*TASK TO COMPLETE*: This task asks for the lines from the one with "2021 Peugeot 3008 - photo 3" to the final line below, repeated exactly, with pictures omitted.

*COLLECTED MATERIAL*:
= = =
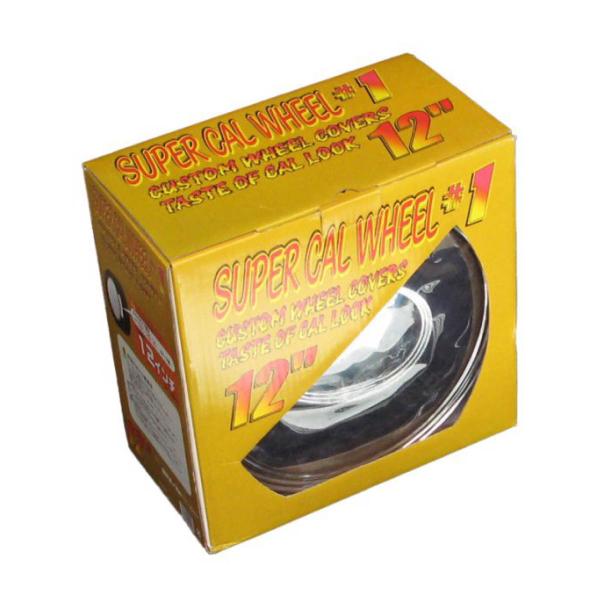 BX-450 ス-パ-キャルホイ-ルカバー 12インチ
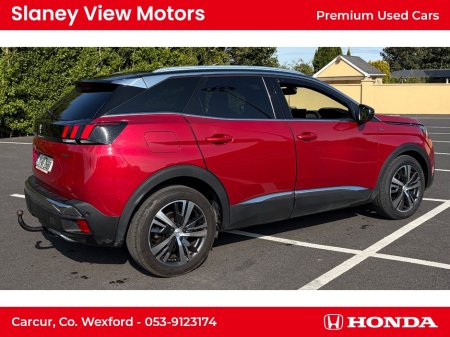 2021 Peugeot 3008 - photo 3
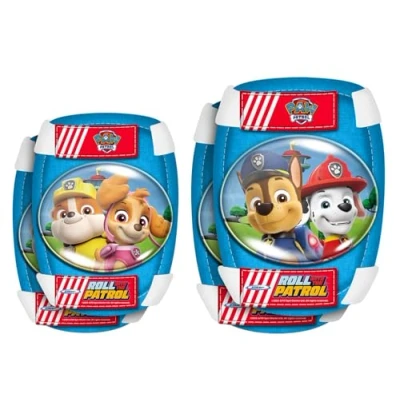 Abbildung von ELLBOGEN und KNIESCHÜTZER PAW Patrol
= = =
*SOLUTION TO THIS EXERCISE*:
 2021 Peugeot 3008 - photo 3
 Abbildung von ELLBOGEN und KNIESCHÜTZER PAW Patrol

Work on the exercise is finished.